The plant also will help alleviate space constraints at incubator facilities in Ingram Hall and the Animal and Food Sciences Laboratories Building.
“The companies that are successfully selling are storing their raw and processed goods here at Ingram,” Sandoz said. “We’re running out of storage space and production time for our new tenants.”
The plant facility has a loading dock and forklift. And because it is located on the outskirts of the Baton Rouge campus, large trucks will no longer have to go through congested areas to deliver ingredients and pick up finished products.
“When you’re small, you bring in a trunk-load of bottles and ingredients,” Sandoz said. “As you grow, you buy by the pallets.
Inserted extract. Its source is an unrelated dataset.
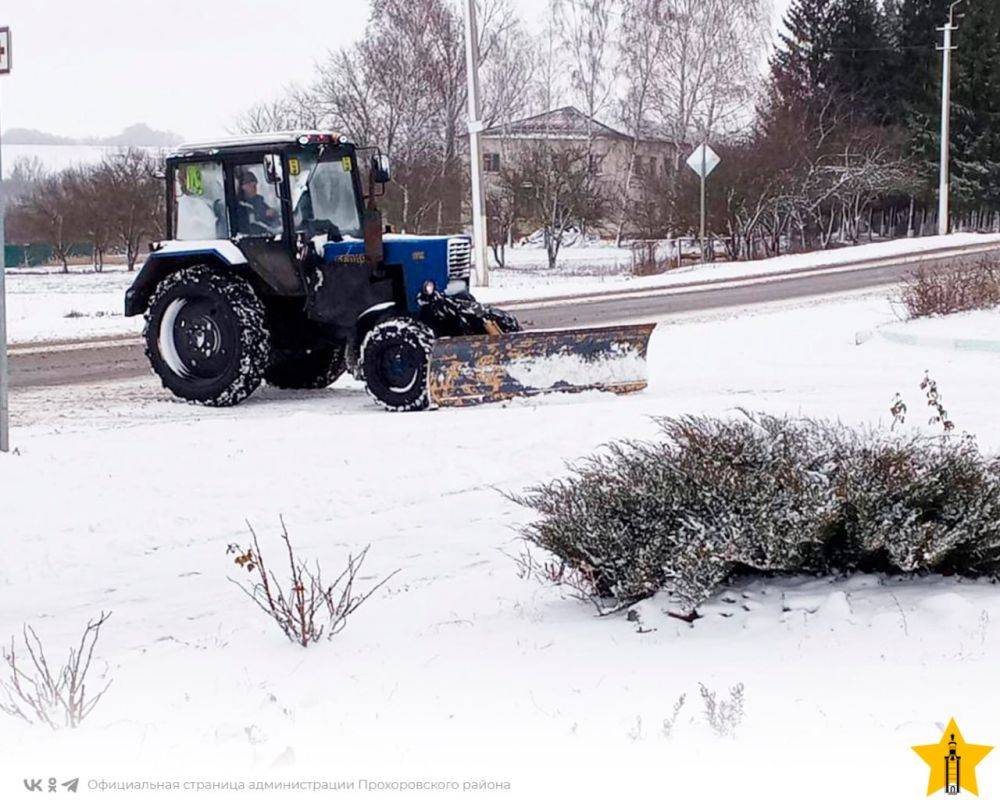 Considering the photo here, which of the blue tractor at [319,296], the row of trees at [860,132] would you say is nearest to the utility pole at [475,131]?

It’s going in or out in big lots.”
Another potential use of the facility is as a pilot plant for existing Louisiana food companies that want to make small volumes of new products.
Other incubator upgrades — such as replacing freezers and renovations to create additional kitchen space — are being planned.
Olivia McClure is a writer and photographer with LSU AgCenter Communications.
(This article appears in the winter 2018 issue of Louisiana Agriculture.)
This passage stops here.